While the lyric is definitely a hook with a message, I wonder if people also miss the other part of the chorus, where there is also a plea for “God save the People”? Initially when I scanned the song lyrics, I missed that plea.

When the album cover was released, people reacted positively and negatively. The album cover is similar in style to the last two Stryper albums. The artwork appears to to portray God coming down from heaven and striking down evil in the word. My initial reaction was a negative on the God image, He looks a lot like Zeus in my opinion. However, how do you draw a representation of God?

Recently, Frontier Records released the “Take It To Cross [Official Visualizer Video],” their first single of the album. While there are the traditional elements of Stryper are there, the chorus is not in classic the classic Stryper format. Instead you hear a growling chant, “TAKE IT TO THE CROSS.”

Take It To The Cross is our answer to many fans asking us to do something a little heavier and even bordering on thrash, says Michael. The verses are heavy with a vocal and lyric delivery that’s bold and relevant yet the chorus kicks in with a fast, thrashy vibe. We brought in Matt Blanchard (Act Of Defiance / Shadows Fall) to handle the vocal growl on the choruses and the end vamp. This song is 100% high octane.” (Stryper.com)

Some may wonder how much does Michael sing on this song. According to Oz Fox posts on Facebook, “… Michael sings in the first and third lines of the phrase {the chorus–Bring It To The Cross} with a crazy vibratto on the end of the latter…With the exception of the last course of the song. Michael sings every line on that one.” (Oz Fox via Facebook)

While Stryper gambled on a more polished sound in 1988 and met with limited success, will this gamble on harder sounding album 30 years later be more successful? Will the message confronting of evil be lost in the new sound?  Will the album’s title put off Christian fans?

Currently the album is selling very well on Amazon (#1 on Amazon’s Rock Chart). Fans are responding positively and negatively to the album’s title, the cover art, and the song “Take It to The Cross.” My recommendation is look at the entire package before you judge.

 

 

 

Stryper: Live at the Whiskey

In the world of auto-tune, lip-synching and the gambit of other “live performance enhancers,” it is a rare  hear/see a band just lay themselves out there; but the is exactly what Stryper does on their “Live at the Whiskey” release. Live at the Whiskey is the latest release by Stryper and includes a DVD and CD of their November 16th, 2014 concert at the Whiskey A Go Go in West Hollywood.

Formed in 1983 as Rox Regime and later renamed as Stryper , the band continues to feature the original quartet of Michael Sweet (lead vocals/guitar), Tim Gaines (backing vocals/bass guitar), Oz Fox (backing vocals/guitar), and Robert Sweet (drums). Many of us who grew up in the 80’s are familiar with the band’s yellow and black stripes, big hair, and the power ballad “Honestly.”

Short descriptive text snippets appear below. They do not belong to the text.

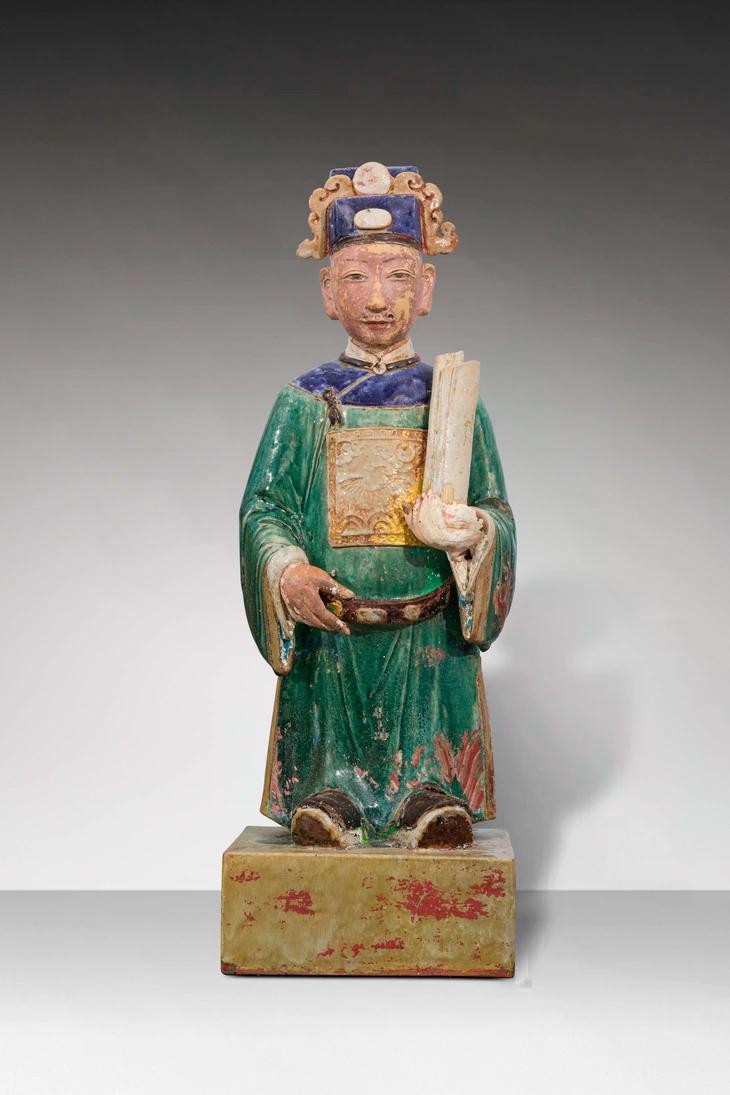 Tượng thị giả (người hầu) đứng trên bệ hình vuông, đầu đội mũ phốc vuông đắp nổi viên ngọc và mây. Mặt để mộc, dùng sơn để vẽ chân mày và mắt, tai to, trên mặt tạo 5 lỗ để gắn râu. Thân mặc áo dài màu xanh lá, phần vai áo màu xanh lam viền nâu, có đai, trên thân áo có bổ tử trang trí hình chim phượng, thủy ba, mây đối xứng trước và sau lưng. Tay trái cầm quyển sổ, một đầu gác trên vai trái, tay phải cầm đai, chân mang hia.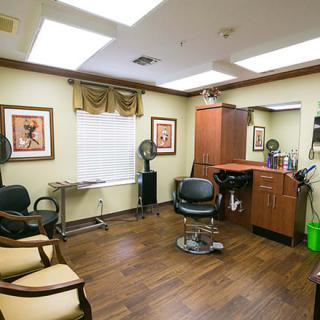 A cozy hair salon interior featuring a barber chair, mirror, and stylish decor.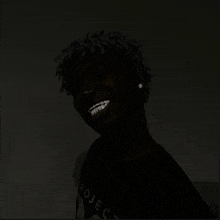 a man with braces on his teeth is smiling in a dark room .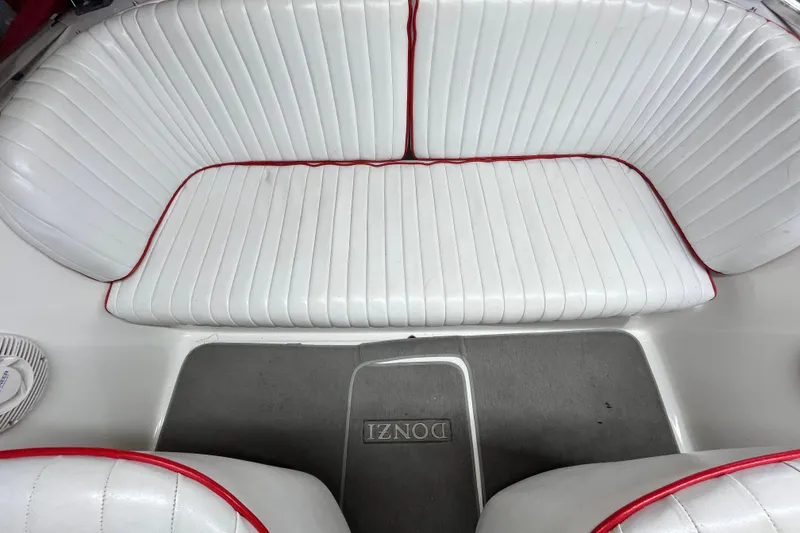 Slide: The Image of Interior of a 1996 Donzi 22 Classic boat with white and red seating. - 6
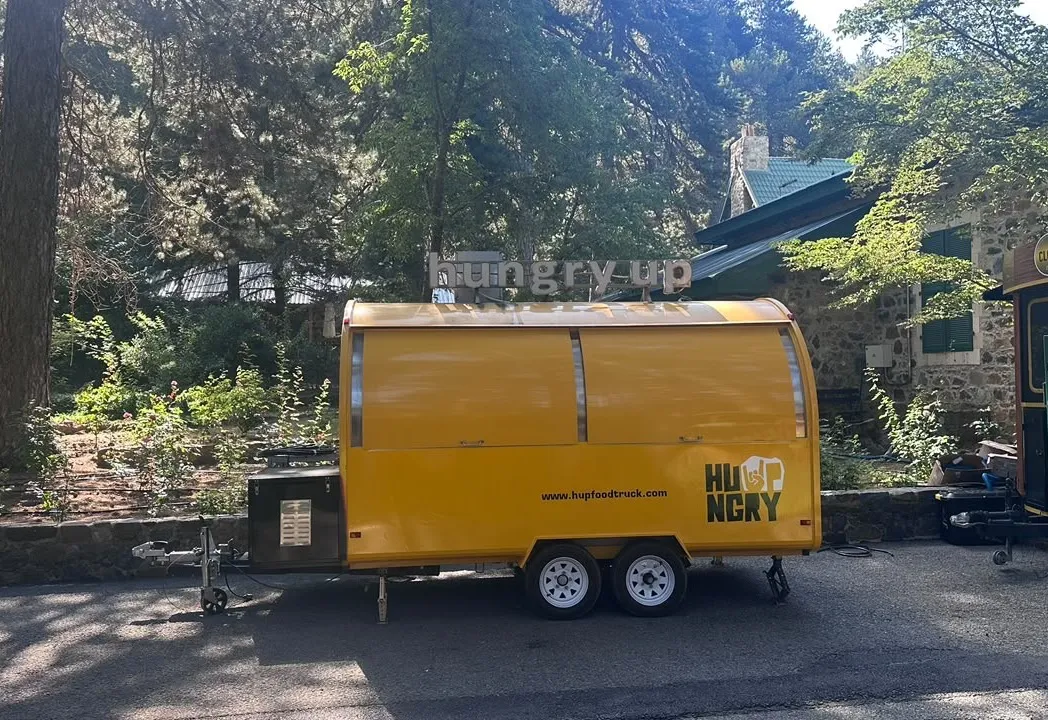 The whole Hungry Up trailer parked under pines, hitched and closed, rooftop sign above the barrel roof.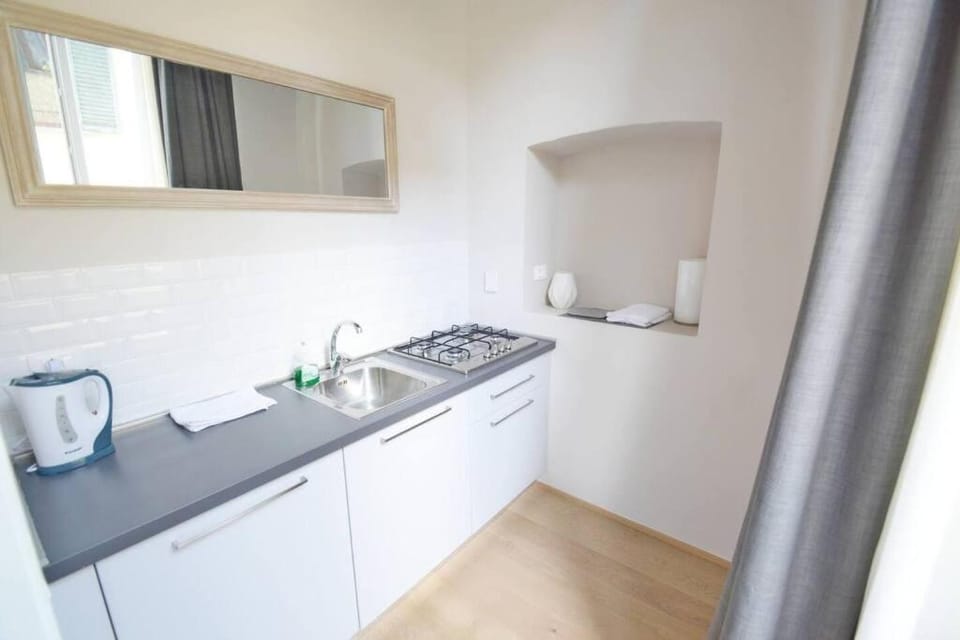 Kitchen or kitchenette, stove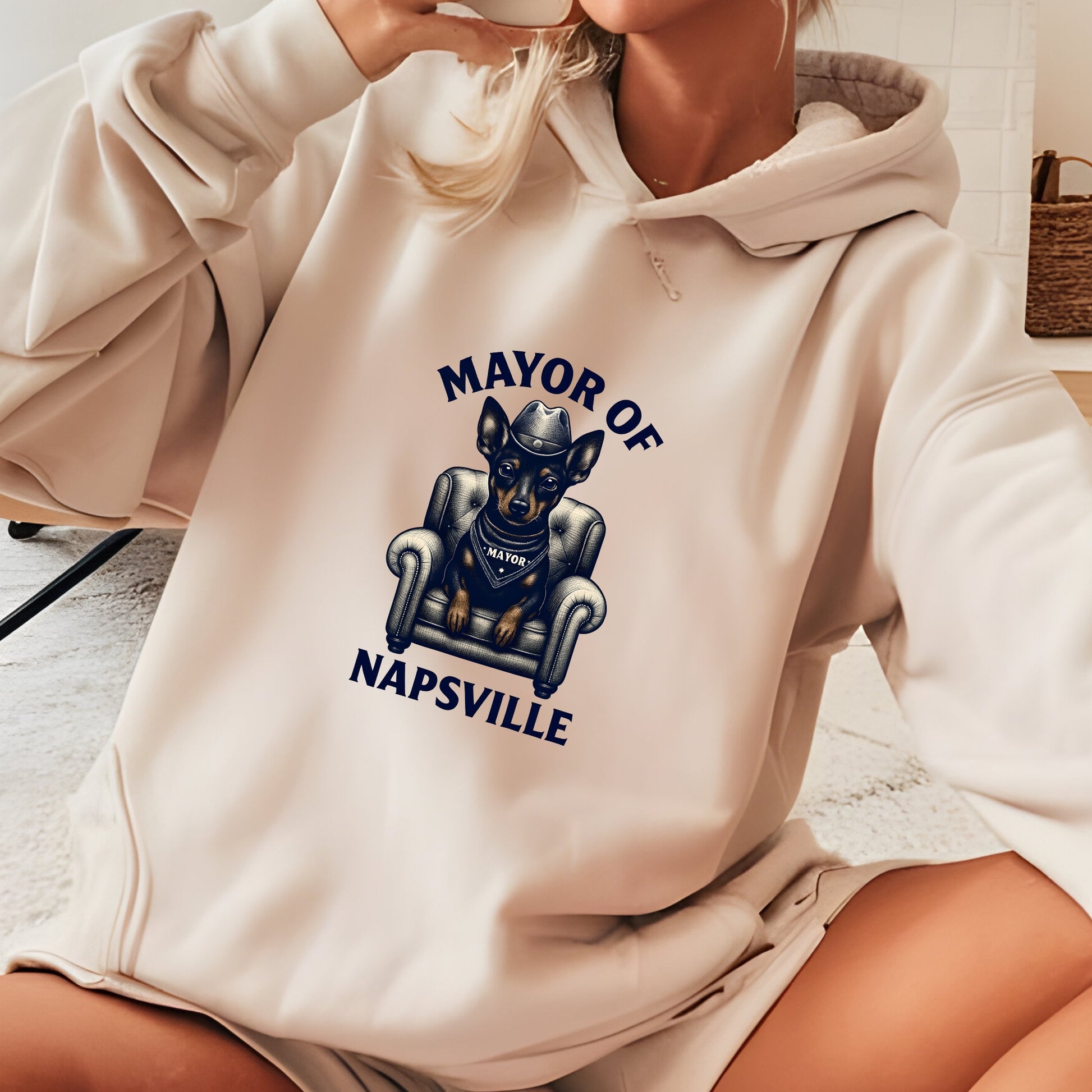 Woman wearing a sand "Mayor of Napsville" Miniature Pinscher hoodie with a dog on an armchair and funny nap design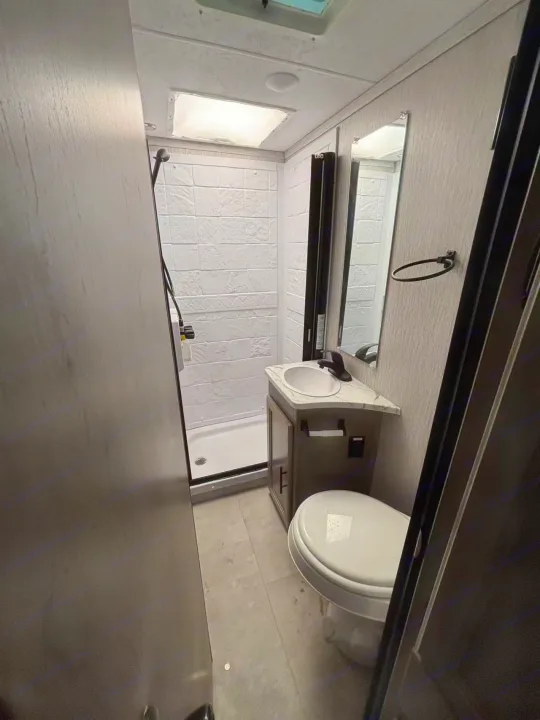 This RV rental offers a well-equipped bathroom, including a shower with skylight, sink, and toilet for convenience.. Forest River Coachmen Cross Trek 2021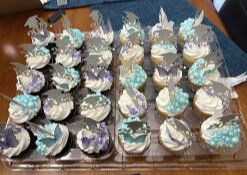 Tray of cupcakes topped with blue, white and purple frosting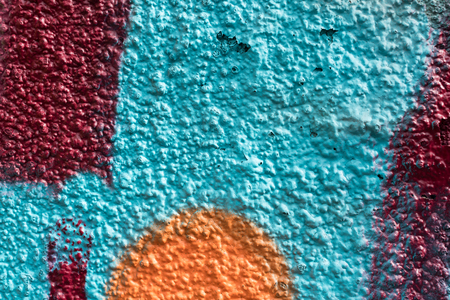 Orange and red graffiti details on a blue painted wall, facade. Abstract background, wallpaper.の写真素材
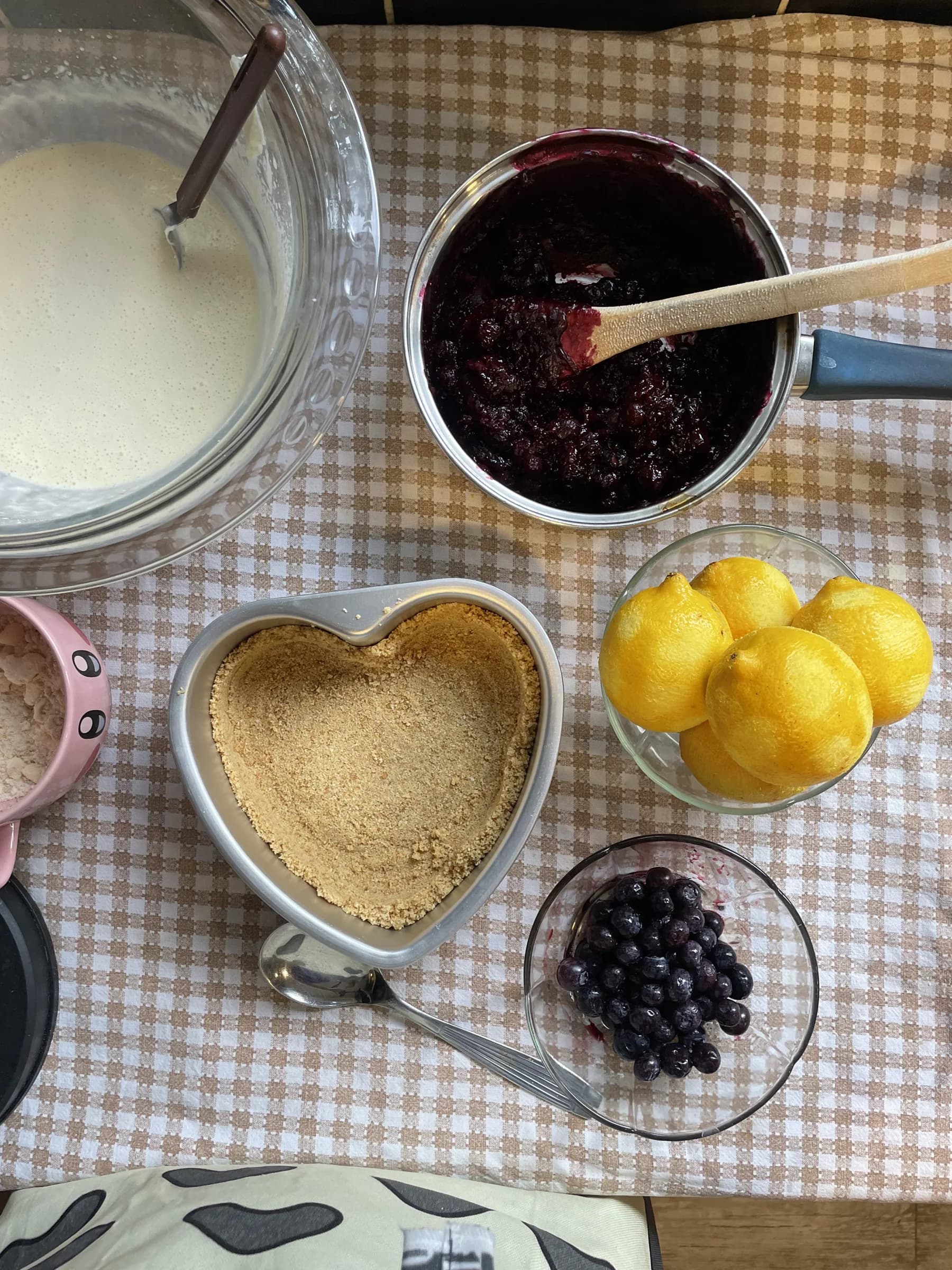 Ingredientes para preparar cheesecake sobre una mesa a cuadros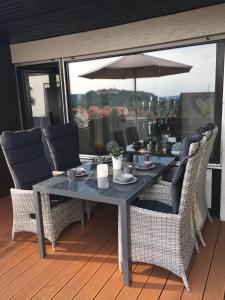 a table with chairs and an umbrella on a deck at Harzhome in Herzberg am Harz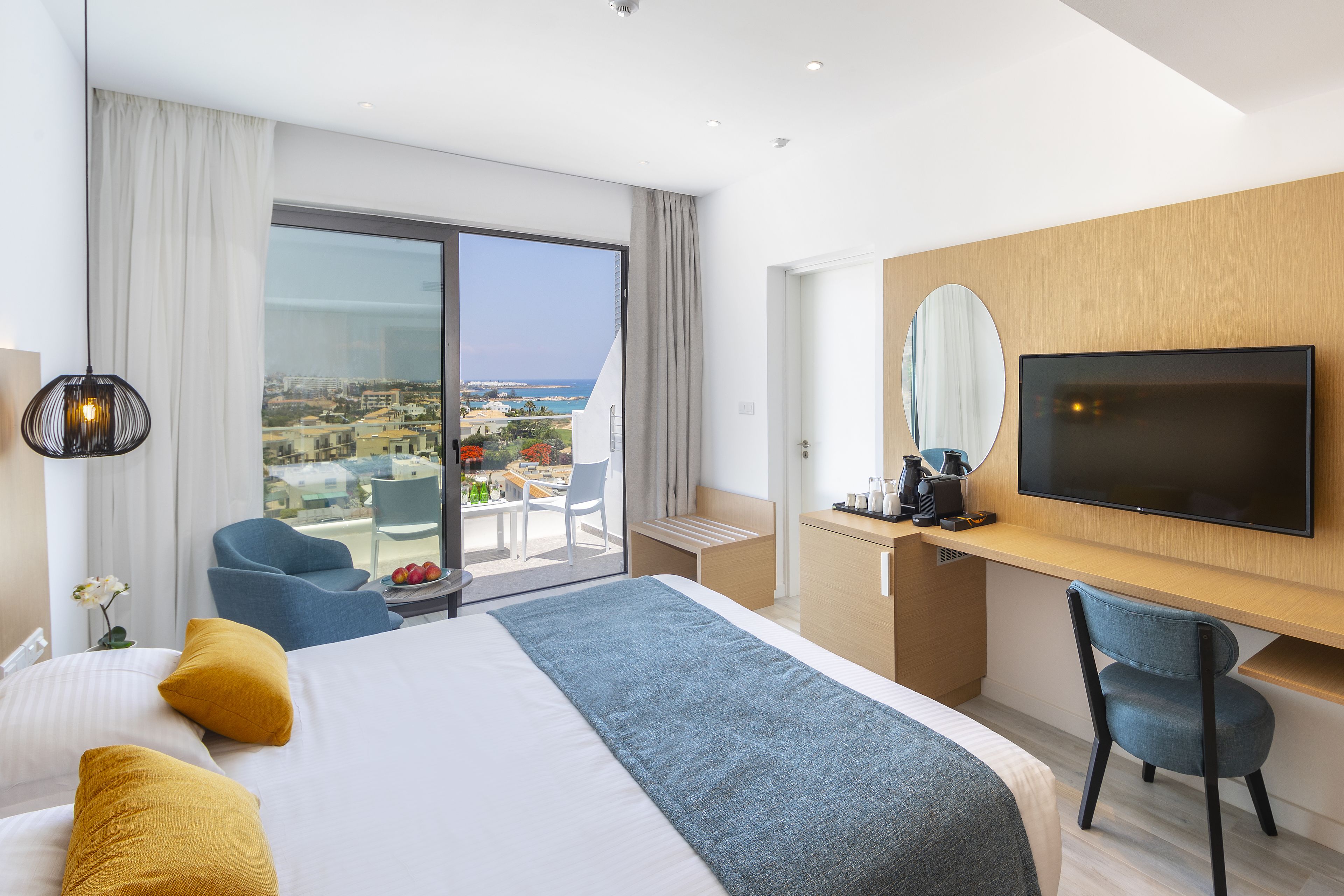 Ein Hotelzimmer mit Bett, Schreibtisch, Fernseher und Blick auf die Stadt.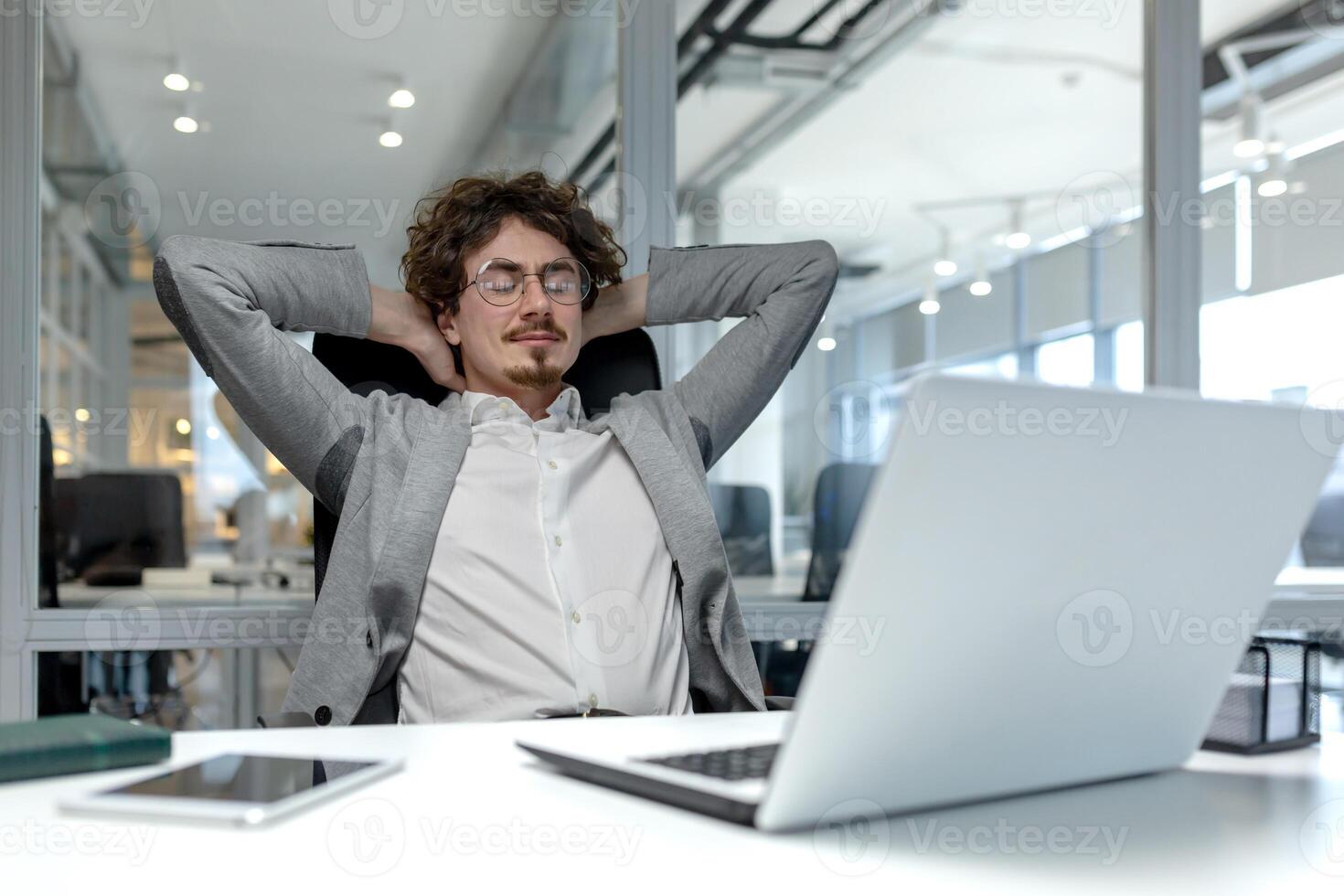 un' giovane uomo d'affari con Riccio capelli si distende nel un' moderno ufficio, mostrando un' momento di rilassamento in mezzo un' occupato aziendale ambientazione. foto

On this live album, the yellow and black stripes are subdued and the big hair has disappeared. Fortunately, for the members of the band the long hair remains.  Instead of power ballads, you get 16 tracks of rock-n-roll.

The album begins with two songs from Stryper’s latest album “No More Hell to Pay” before moving into older material from “Yellow and Black Attack,”  “Soldiers Under Command,” “To Hell With the Devil,” and “In God We Trust.” There is also a cover of “Jesus is All Right with Me.” It keeps a lot of the Doobie Brothers arrangement, but there is a definitely a Stryper flare to it. Overall, you get what you expect from an 80’s rock-n-roll band – guitars, drums, wails, and screams. The selection of songs does a great job of highlighting hits from the band’s 30 years, but is it not a remake of the earlier live album ”7 Weeks: Live in America.”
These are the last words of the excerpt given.